Я шагнула в комнату и остановилась.
Там кто-то лежал. На кровати.
– Соф?..
Ответа не было. Я вгляделась в длинное тело под одеялом, ожидая, что лежащий встанет, и я увижу, кто это. Одеяло было натянуто на голову, но на подушке виднелось что-то яркое, неестественно карамельного цвета.
Волосы. Розовые волосы. Я прислонилась к стене – с облегчением, хотя и в растерянности. Это же та женщина, что сидела в лобби за стойкой.
– Эй! Вега! Проснись.
Нет ответа.
Я опасливо подошла к кровати. Что она, разыгрывает меня, что ли?
– Вега! Эй, доброе утро. Или вечер. Все равно. – Я ткнула ее в плечо, насколько можно было понять, где у нее плечо. – Извини. У меня был на редкость паршивый вечер, и мне нужна моя кровать.
Молчание. Мое собственное тело уже подсказывало мне что-то – в животе, в руках и ногах уже пульсировало что-то тошнотворно-ядовитое, нашептывало, что оставаться в этой комнате – не к добру, но я не слушала. Потянула за край одеяла и сдернула его с лежащей фигуры.
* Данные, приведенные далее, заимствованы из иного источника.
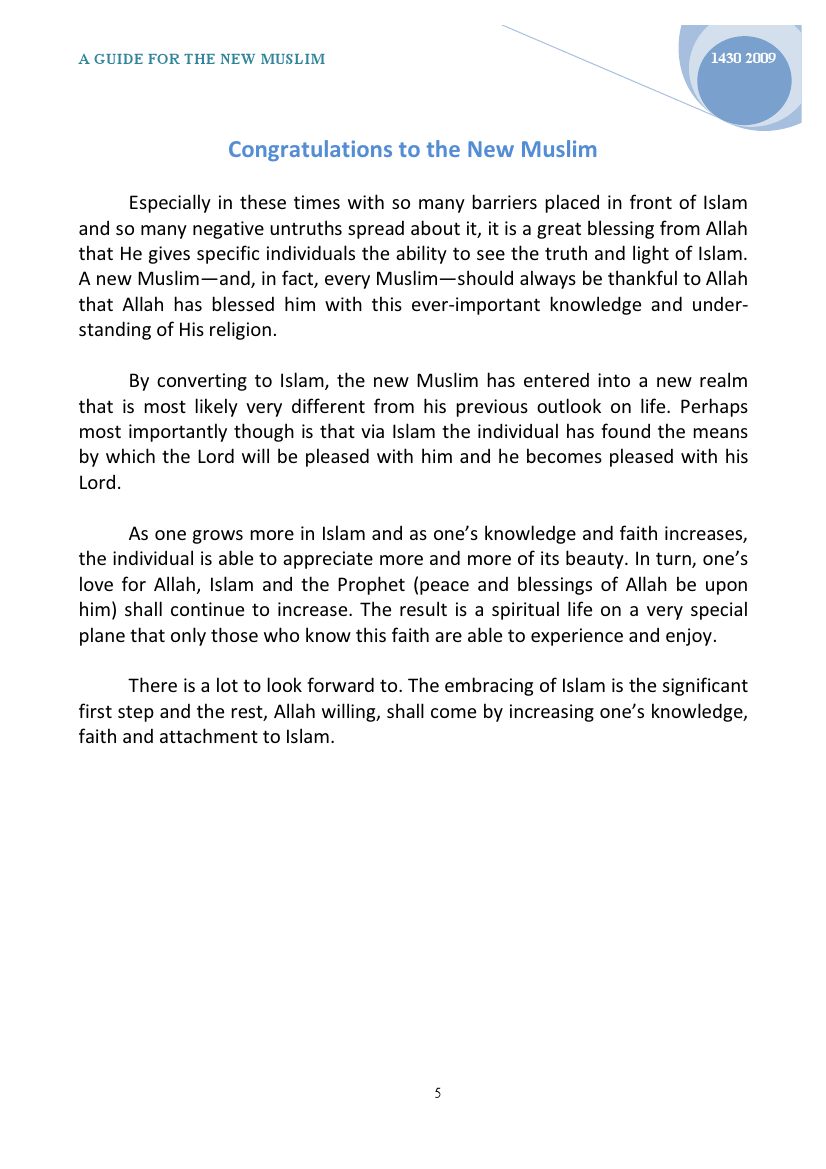A guide for the new Muslim pdf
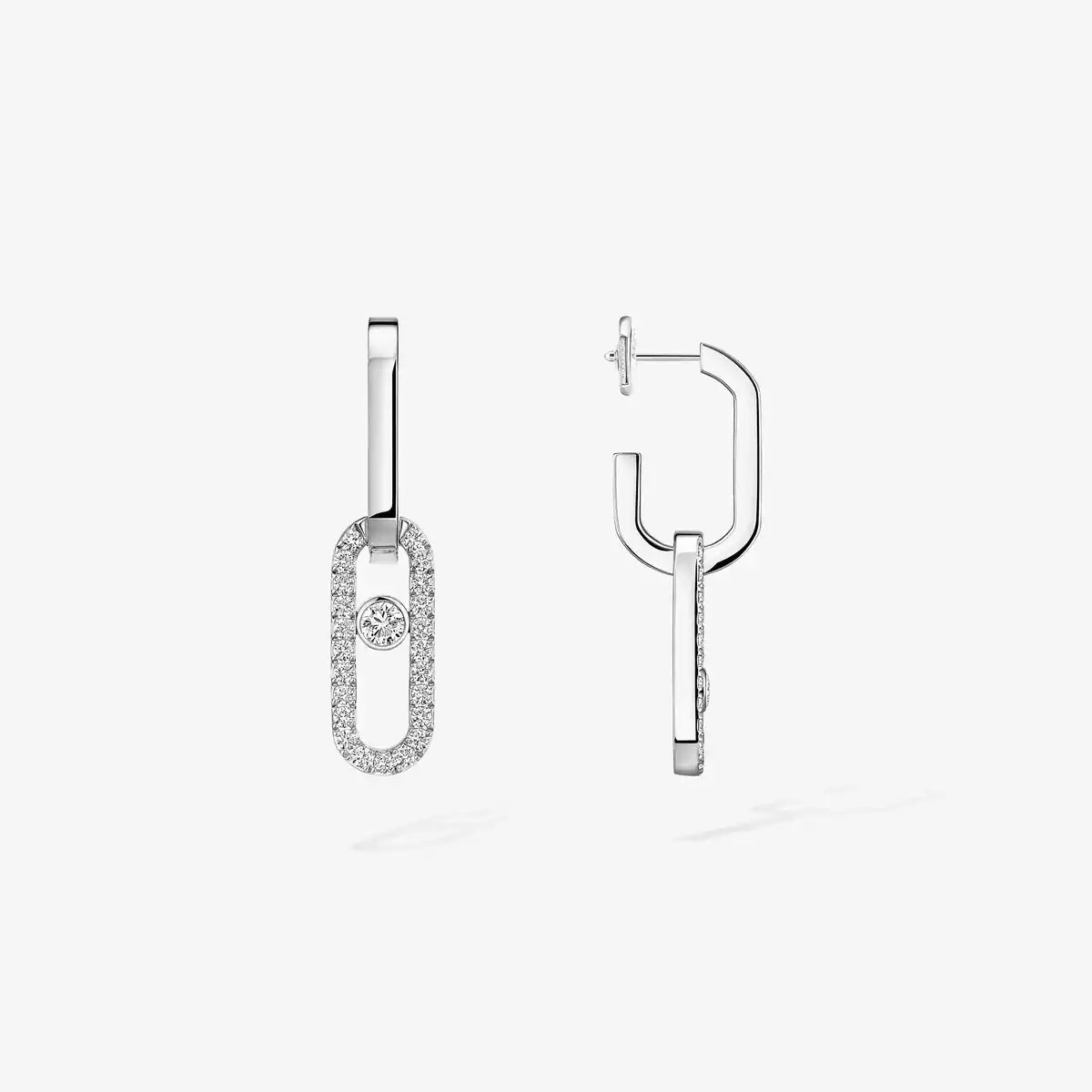 [Twinkle jewelrys]Move Link Diamond Earrings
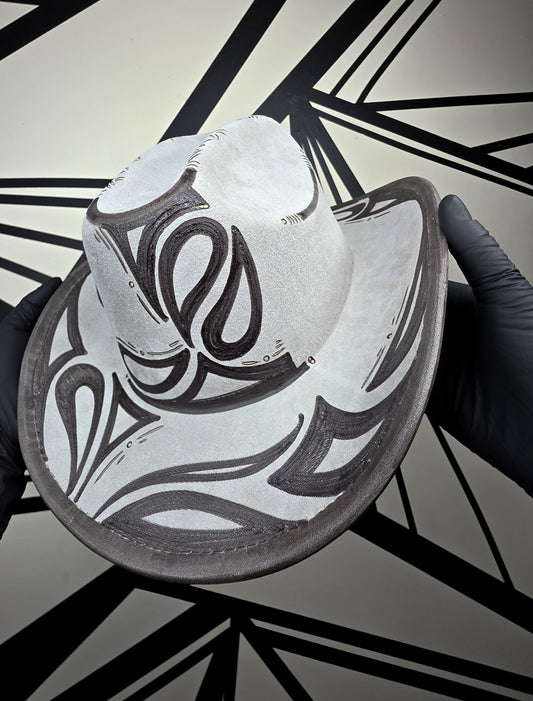 Pewter Gray Standard Brim Cowboy Hat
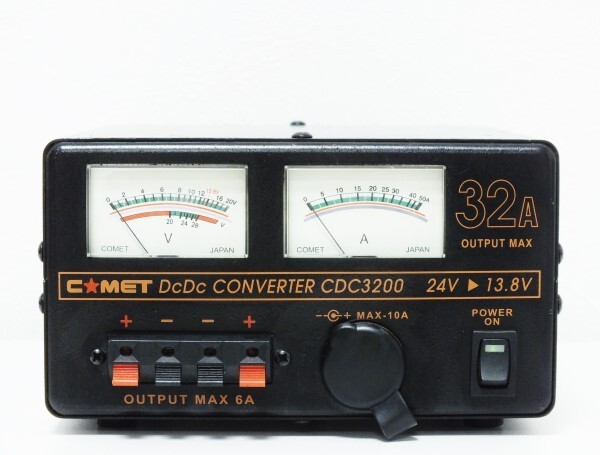 コメット CDC3200 DC-DCコンバーター 30A連続 DC24V→DC13.8V デコデコ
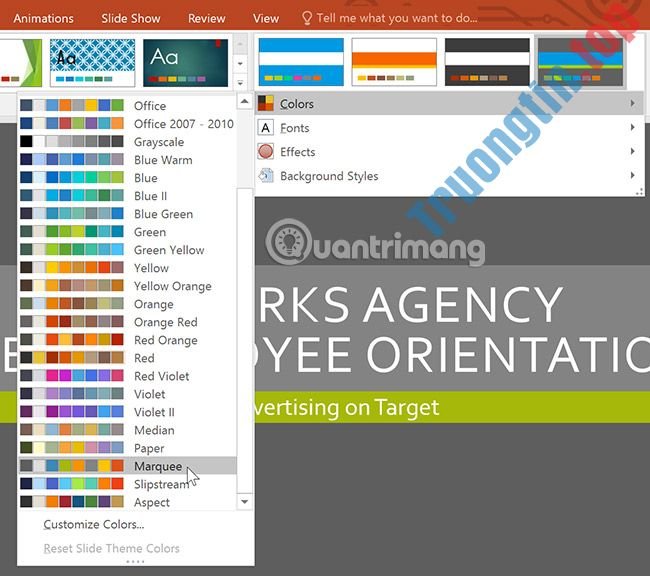 Cách&nbsp;thay&nbsp;đổi&nbsp;theme&nbsp;trong&nbsp;PowerPoint&nbsp;2016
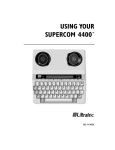 Ultratec Supercom 4400 Specifications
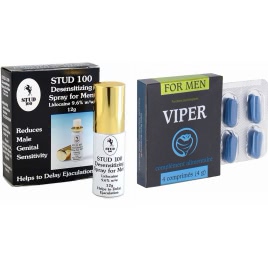 Pachet Spray Stud 100 Original + Pastile Potenta Viper FR 4 capsule pe xBazar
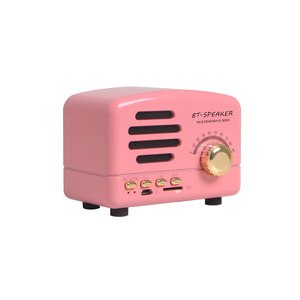 Altavoz Yido Mini, Diseño Retro de Madera, Altavoz Portátil de Escritorio con Perilla de Volumen y Botones Multifunción - Product Image 2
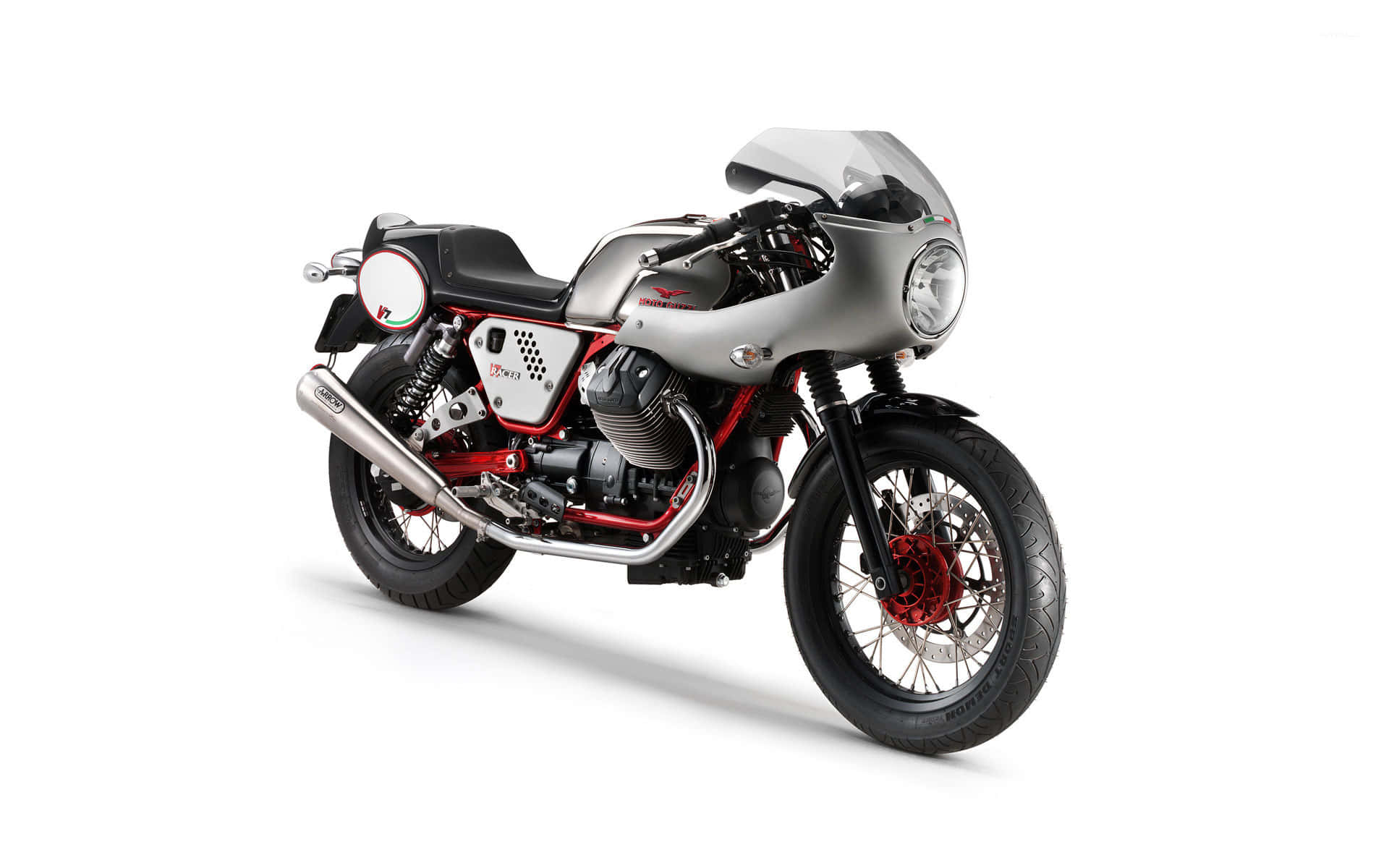 Majestic Moto Guzzi Motorcycle In Action Wallpaper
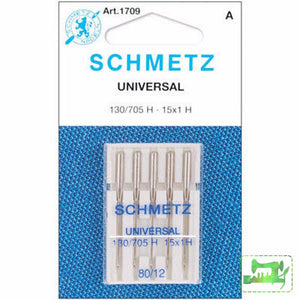 Schmetz Universal Needles - 80/12 - 5 pack - Schmetz - Craft de Ville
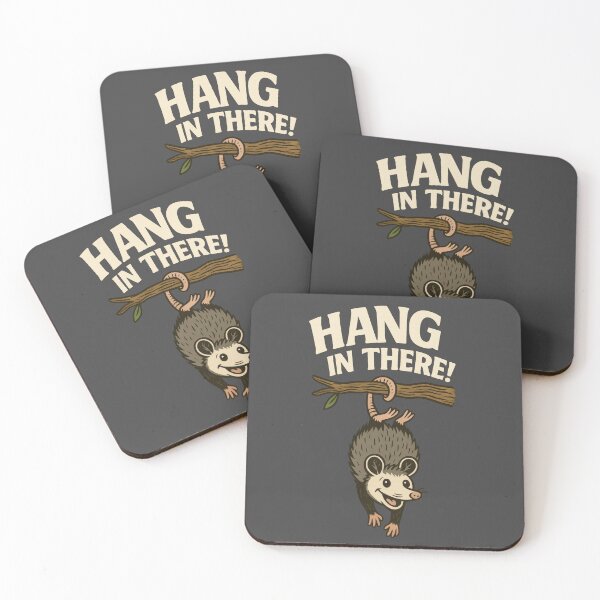 Item preview, Hang in There – Opossum Survival Mode designed and sold by Ombrya.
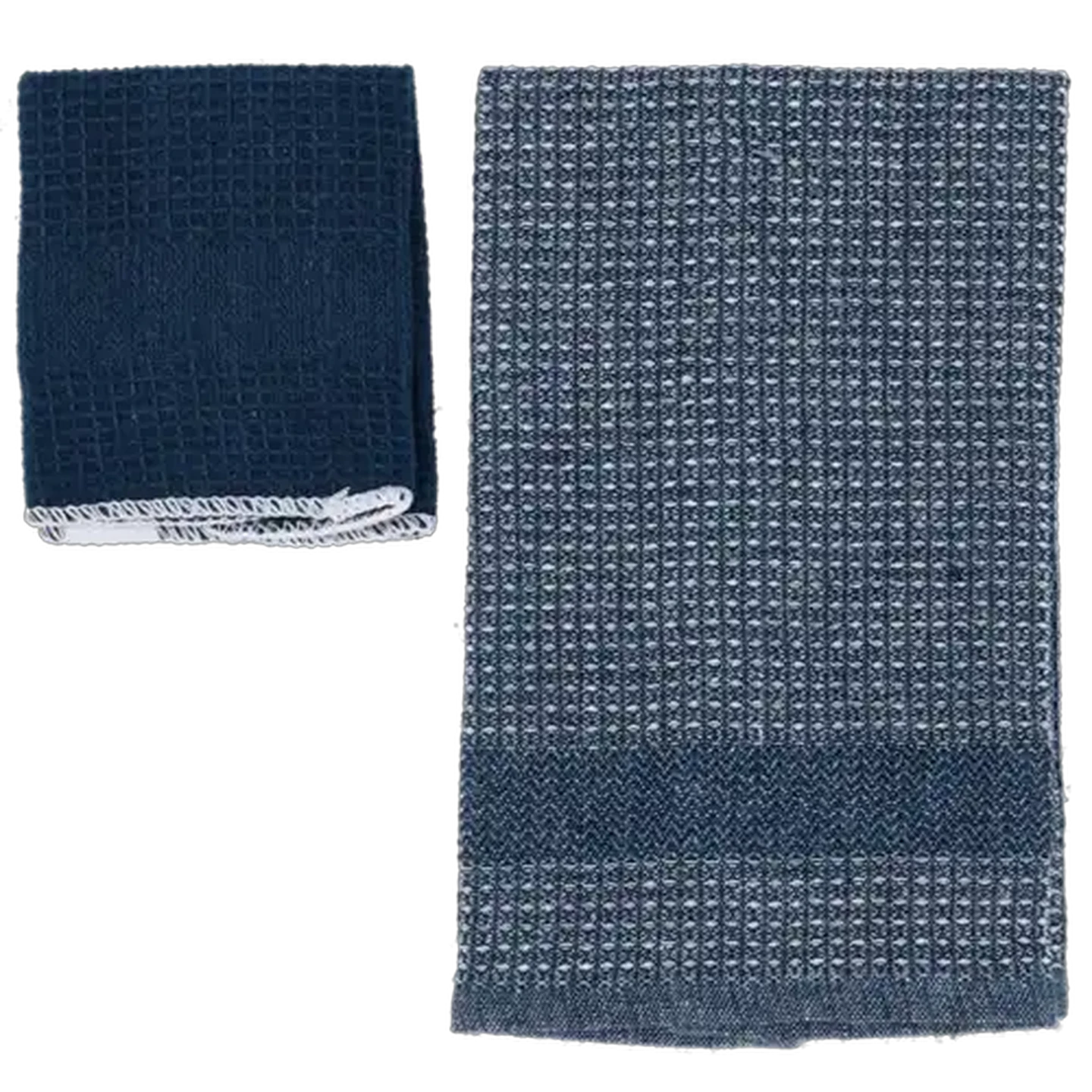 Image of Essentials Waffle Kitchen Cloth & Swabs 2-Pack 45 x 70cm (Colour May Vary)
Первым, что я увидела, была копна шелковистых волос, а затем – испуганное, все в каких-то пятнах лицо. Это кристаллы льда бугрились у нее под кожей, словно с лица еще не сошли синяки после побоев. Рот был приоткрыт, и вокруг было очень много…
Крови. Широкая черная полоса. Наверное, было бы и больше, если бы ее не заморозили, словно свиную тушу, после того как изуродовали. Да, у нее тоже кое-что отняли. Кровь текла изо рта, из корня вырезанного языка.
Может быть, я и кричала, но сама не слышала крика – так зазвенело в голове.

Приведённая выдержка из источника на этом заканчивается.